WORK ITEM = Print the line containing "Blumfeldt Infračervený nástenný" and all lines after it to the end of the records below, exactly as written. No pictures.

ENTRIES SHOWN =
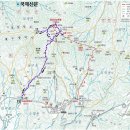 GS25 영천망정행운점 | 팔공산 수태골-서봉-제왕봉-미타봉-수태골 한바퀴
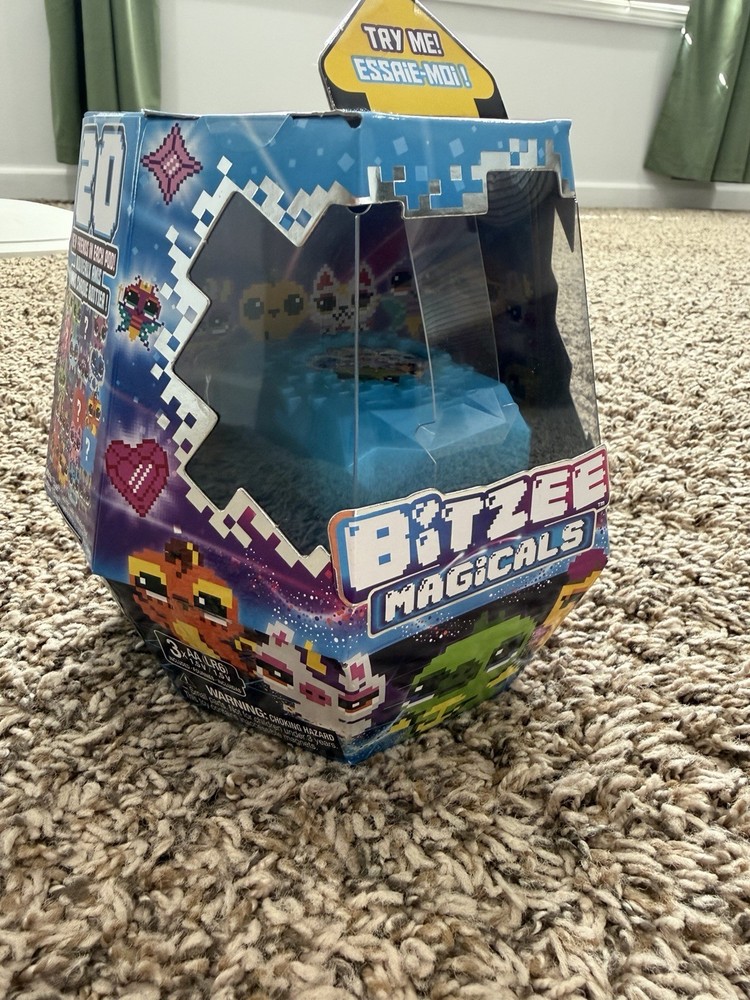 Bitzee Magicals Interactive Digital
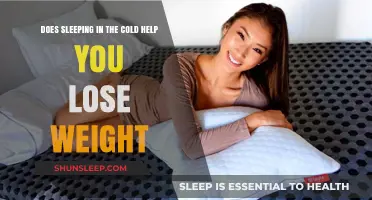 Chilly Nights, Slimmer Mornings: Can Cold Sleep Boost Weight Loss?
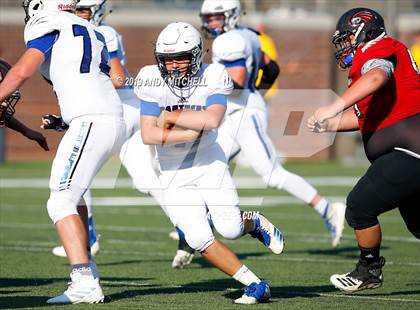 Thumbnail 1 in Signal Mountain vs Sale Creek (Best of Preps Jamboree)  photogallery.
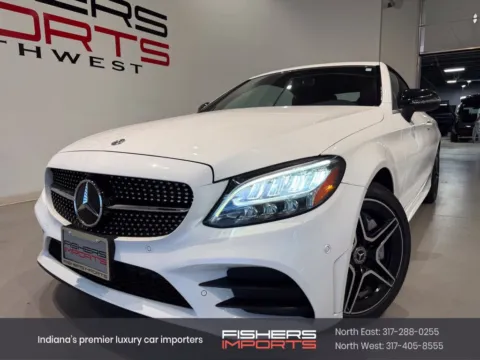 Unknown 2020 Mercedes-Benz C-Class C 300 for sale in Indianapolis, IN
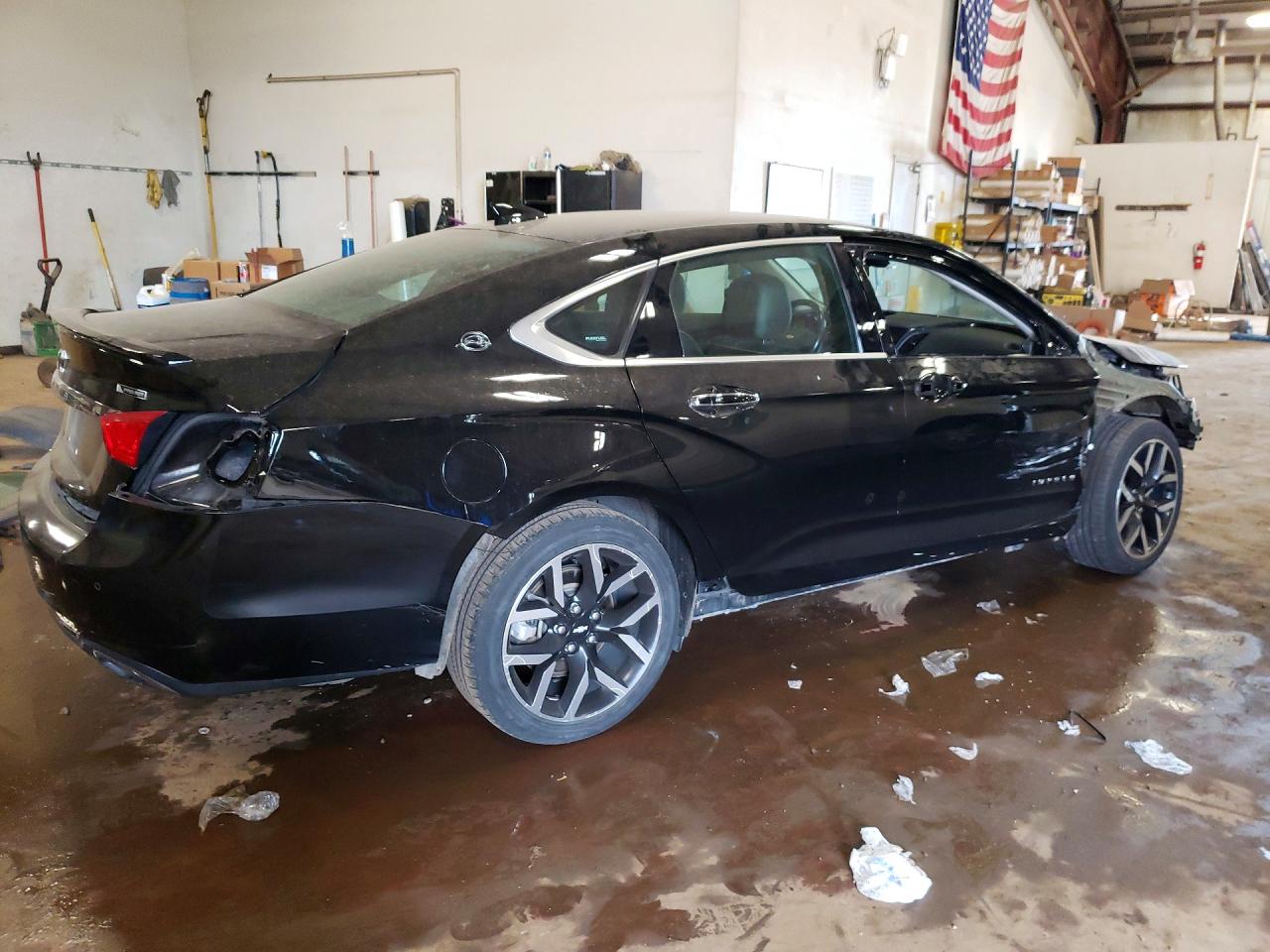 2018 CHEVROLET IMPALA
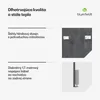 Blumfeldt Infračervený nástenný ohrievač 700 W - IP44, Náhľad obrázku produktu 6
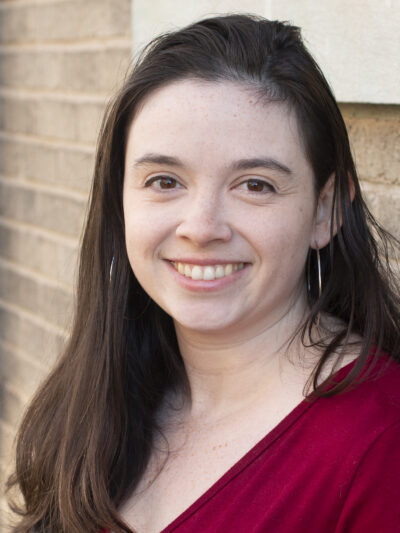 Aubrey Sparks headshot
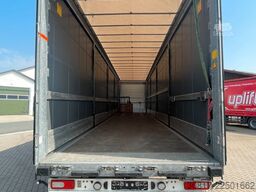 SCHMITZ CARGOBULL SCB*S3 SCS24 Hubdach Mega Plane Edscha 2xLiftach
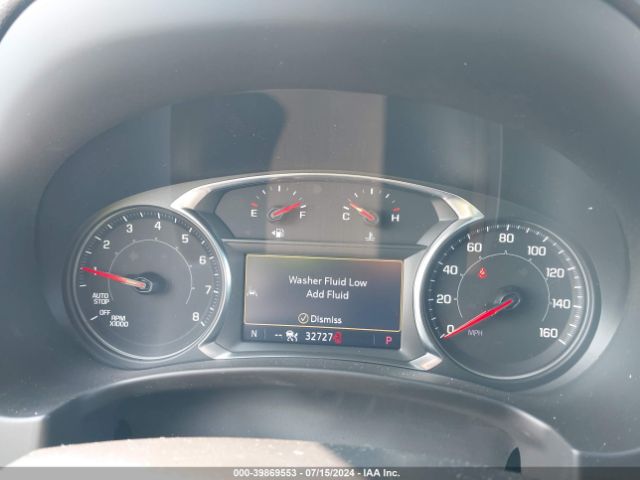 3GKALVEV0NL253542 GMC Terrain Awd Slt
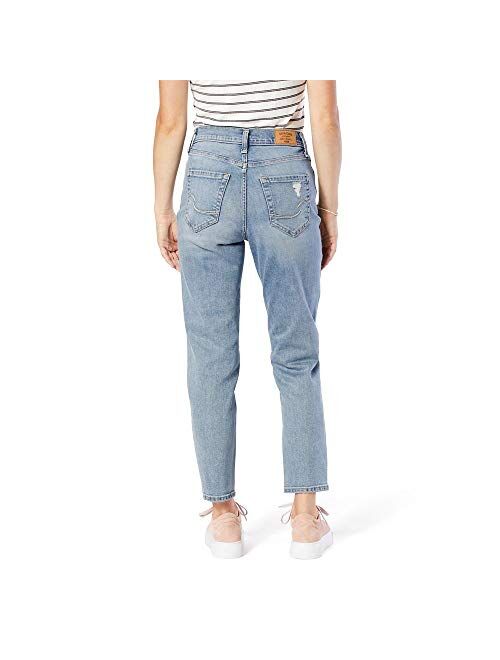 Signature by Levi Strauss & Co. Gold Label Juniors Mom Jeans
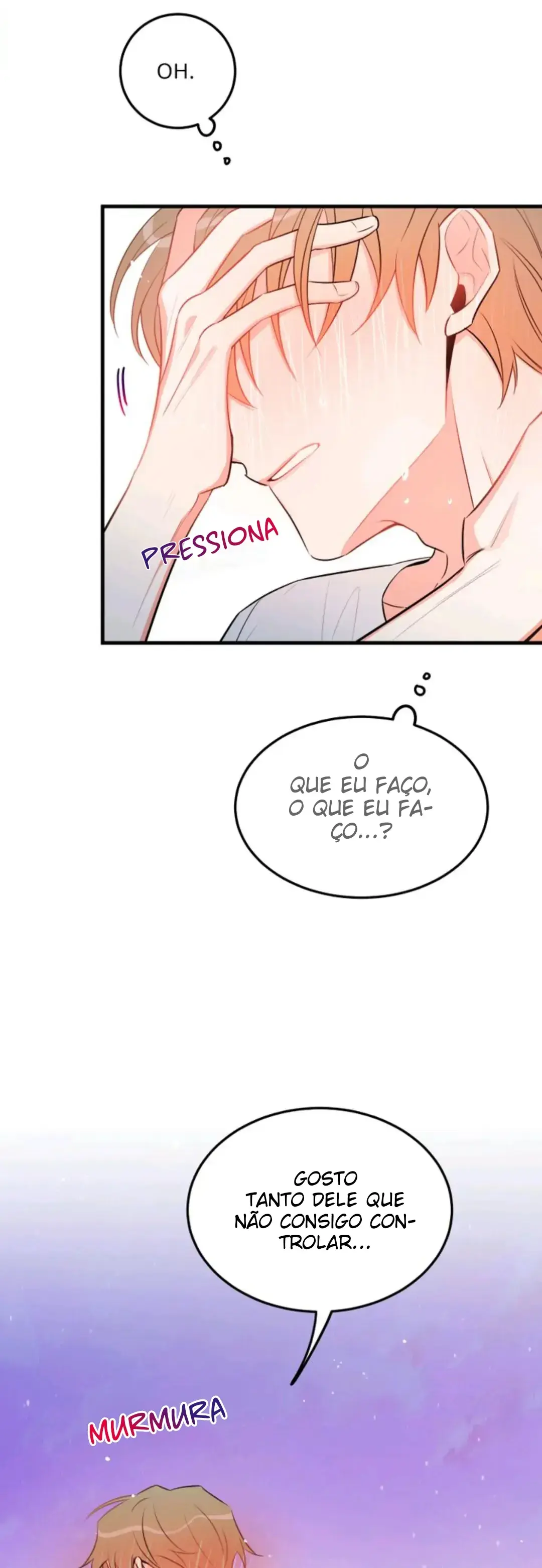 Quem pode definir popularidade? – Capítulo 24 Yaoi – Página 32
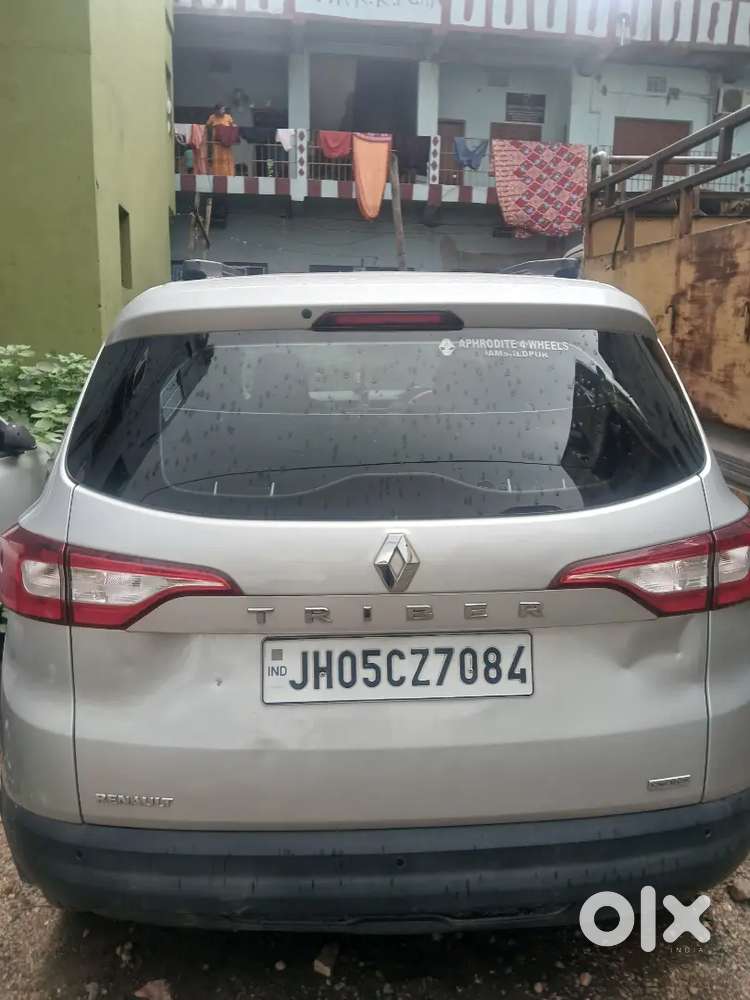 Renault Triber 1.0 Rxl 2021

SOLUTION FOR THIS EXERCISE =
 Blumfeldt Infračervený nástenný ohrievač 700 W - IP44, Náhľad obrázku produktu 6
 Aubrey Sparks headshot
 SCHMITZ CARGOBULL SCB*S3 SCS24 Hubdach Mega Plane Edscha 2xLiftach
 3GKALVEV0NL253542 GMC Terrain Awd Slt
 Signature by Levi Strauss & Co. Gold Label Juniors Mom Jeans
 Quem pode definir popularidade? – Capítulo 24 Yaoi – Página 32
 Renault Triber 1.0 Rxl 2021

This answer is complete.